Work order:
In your copy, include every record exactly and no pictures.

___ Recorded information ___

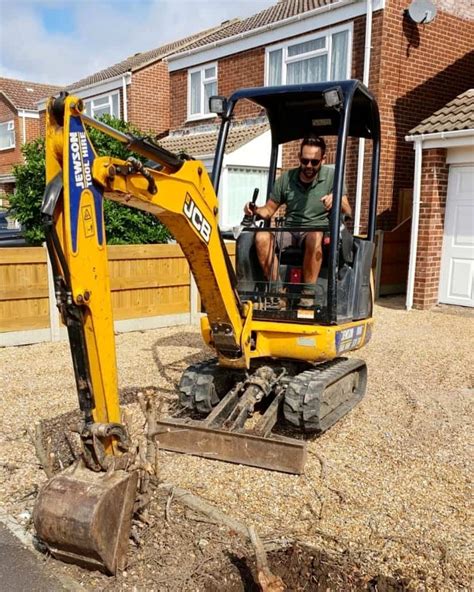 using a mini digger to clear a garden|digging a mini garden.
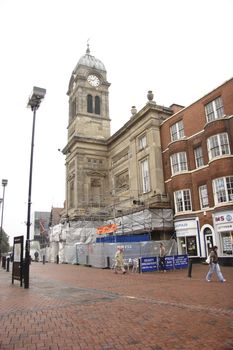 guildhall showing the clock and tower with the lower part surround by cover whilst restoration is taking place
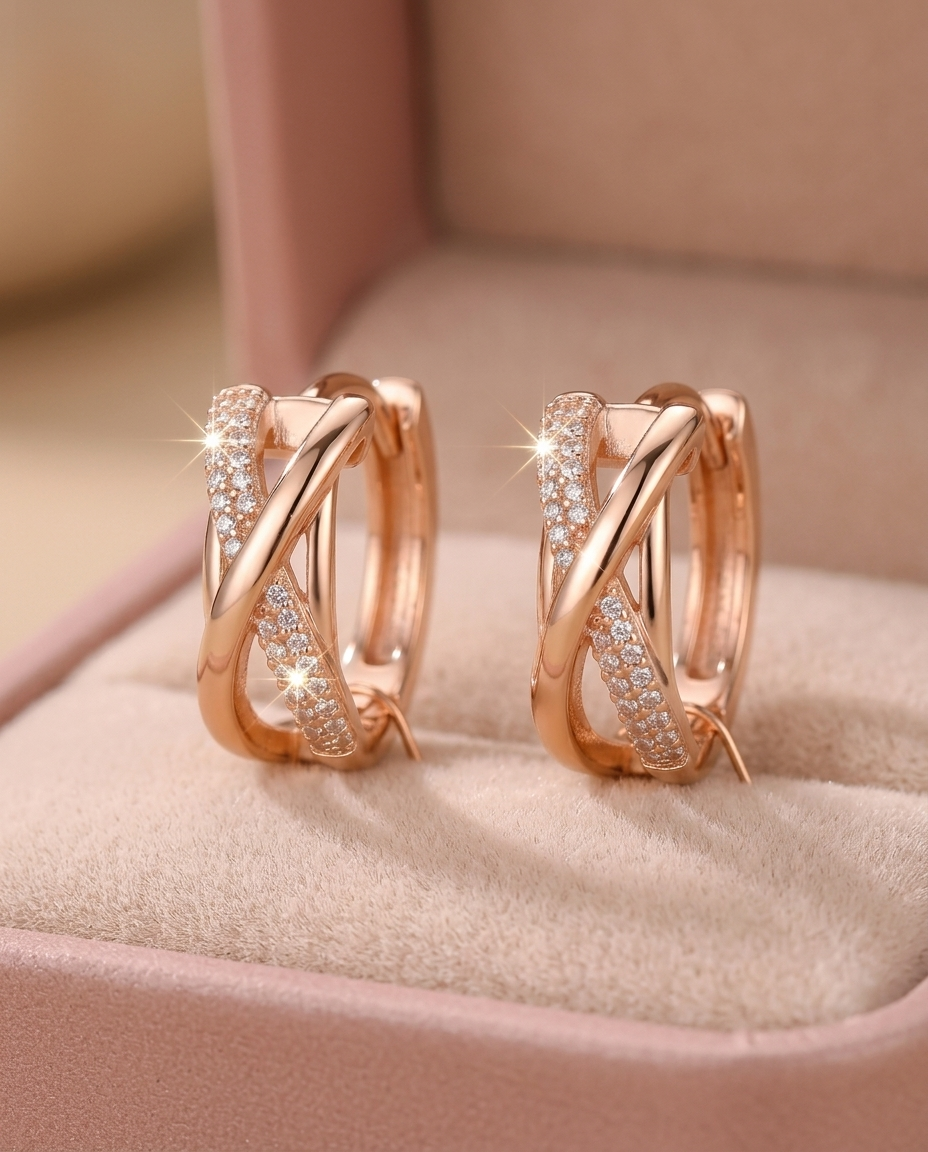Roze gold ukrštene minđuše sa cirkonima u roze poklon kutiji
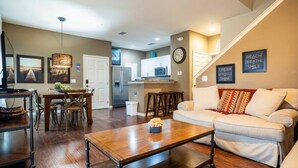 A living room with a sofa, coffee table, dining table, and chairs. There is a kitchen in the background with a refrigerator, microwave, and cabinets. - Home in West Lucaya | 4BR Near Disney (Kissimmee)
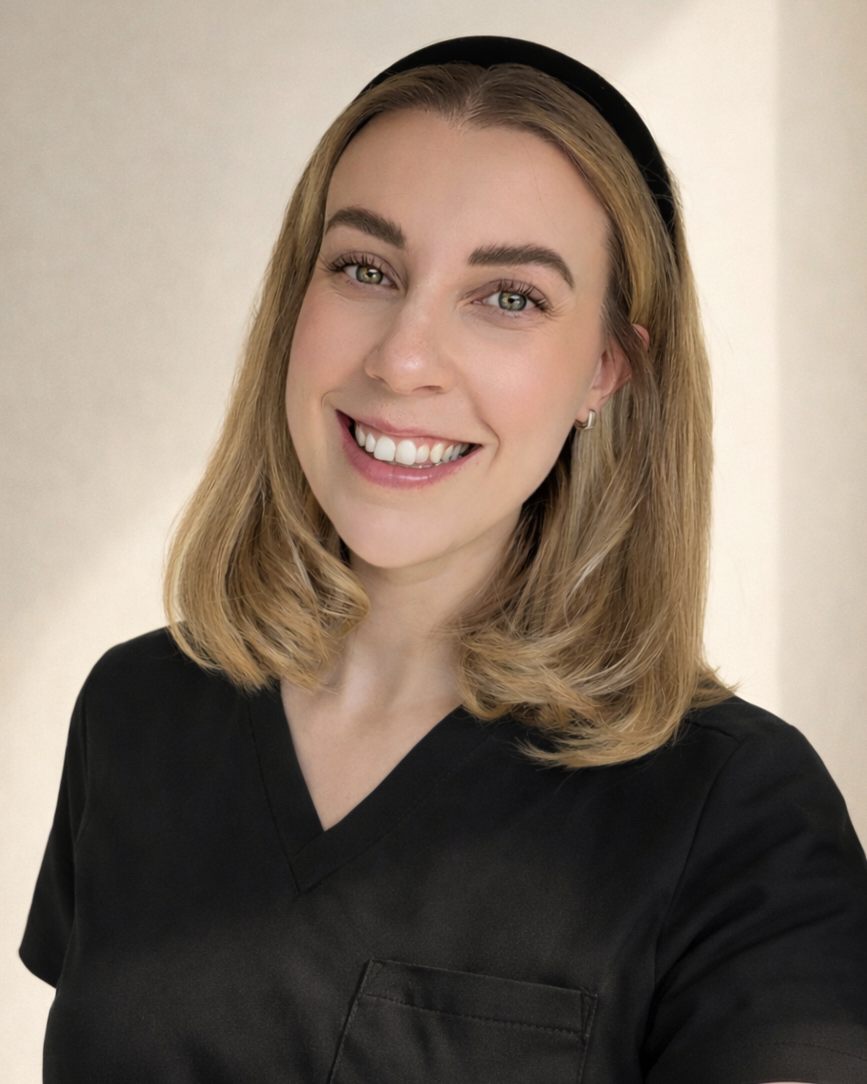 A young woman with blonde hair, wearing black scrubs and a headband, smiling at the camera. The background is plain and neutral-colored.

___

Result of the task:
 using a mini digger to clear a garden|digging a mini garden.
 guildhall showing the clock and tower with the lower part surround by cover whilst restoration is taking place
Roze gold ukrštene minđuše sa cirkonima u roze poklon kutiji
 A living room with a sofa, coffee table, dining table, and chairs. There is a kitchen in the background with a refrigerator, microwave, and cabinets. - Home in West Lucaya | 4BR Near Disney (Kissimmee)
 A young woman with blonde hair, wearing black scrubs and a headband, smiling at the camera. The background is plain and neutral-colored.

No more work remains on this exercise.